„Tiroler Goldmord“: Als Norbert Schwendinger gegen Kollegen ermitteln musste

VN / 17.08.2019 • 06:00 Uhr / 4 Minuten Lesezeit
Norbert Schwendinger musste im Jahr 2012 gegen einen Polizeikollegen wegen Mordes ermitteln. PAULITSCH/ APA

VN-Serie Teil 6: Der Leiter der Mordkommission erzählt.

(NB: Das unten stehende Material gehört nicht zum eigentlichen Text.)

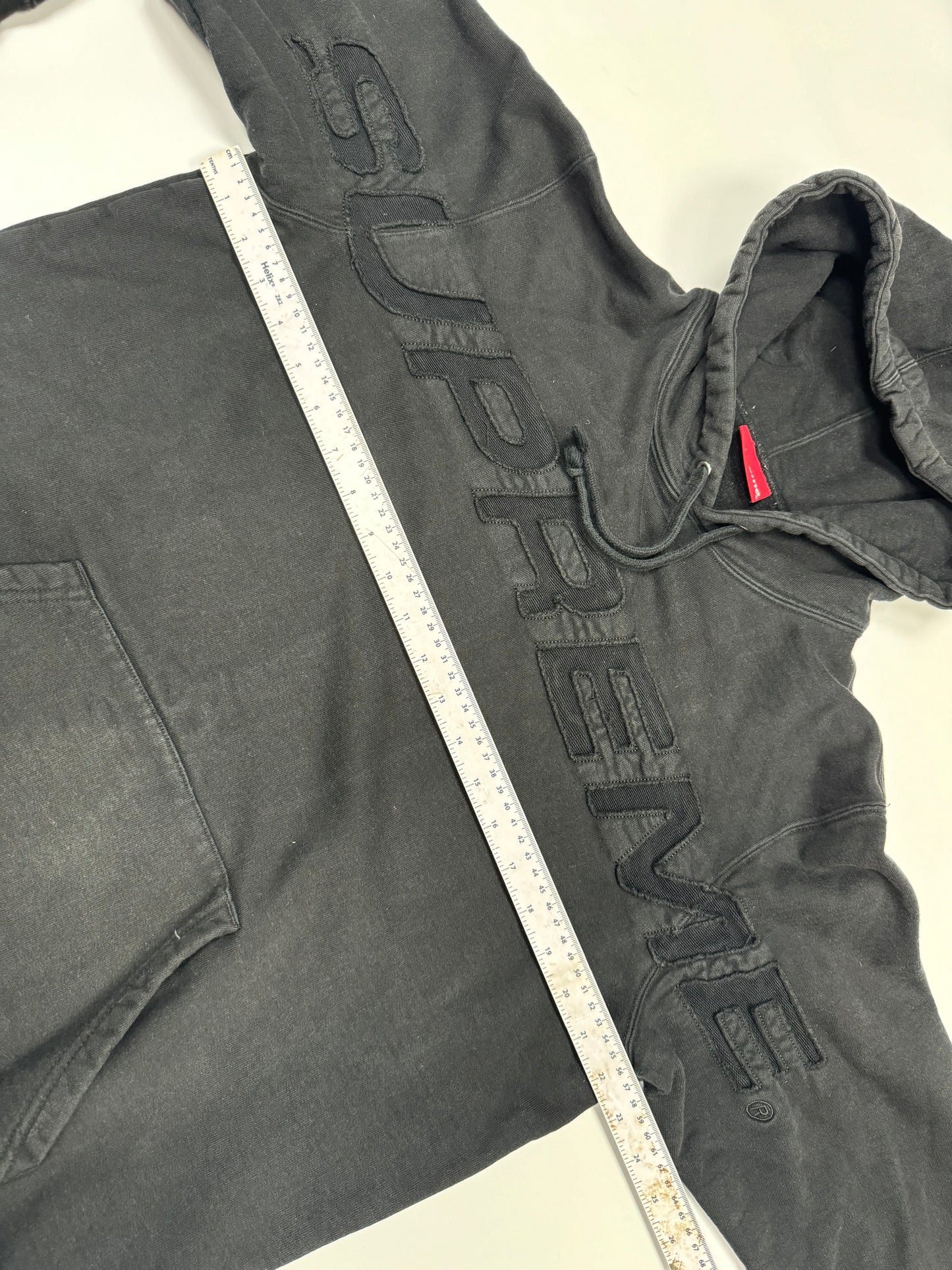 Supreme spell out hoodie (M)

Bregenz, Innsbruck Der mysteriöse und bizarre Fall machte als „Goldmord in Tirol“ geraume Zeit Schlagzeilen, auch in Vorarlberg, weil Morddezernatsleiter Norbert Schwendinger und der Leiter des Landeskriminalamts in Bregenz am 20. März 2012 unmittelbar als Ermittler mit einem zehnköpfigen Team, genannt die „Soko Gold“, in den Fall mit eingebunden wurden. Der Grund: mögliche Befangenheit der Kollegen in Tirol. Denn der dringende Mordverdacht richtete sich gegen einen dortigen Gruppeninspektor, gegen einen eigenen Kollegen also. Doch wie in den meisten Kriminalfällen herrschte hier vorerst Unklarheit.

Frauenleiche in Pkw

Wenige Tage zuvor war in einem abgelegenen Waldstück unweit des kleinen Dorfes Erlach ein abgestelltes Auto entdeckt worden. Die Fenster des Pkw waren durch Rauch verrußt und verdunkelt.  Im Fahrzeug fand sich die Leiche einer Frau. Bei der Toten handelte es sich um die Filialleiterin einer Tiroler Bank. Ihre Tochter hatte sie als vermisst gemeldet, weil ihre Mutter am Morgen nicht zu Hause war. Die Spurensicherer des Tiroler Landeskriminalamts stellten im Fahrzeug verbrannte Teile und eine Signalfackel sicher. Die Obduktion des Leichnams ergab, dass die Frau mit Chloroform betäubt worden war. Der Verdacht auf Fremdverschulden erhärtete sich. Dem noch unbekannten Täter war ein Fehler unterlaufen: Er wollte den Wagen mit Benzin in Brand setzen, doch sorgte er nicht für die nötige Sauerstoffzufuhr.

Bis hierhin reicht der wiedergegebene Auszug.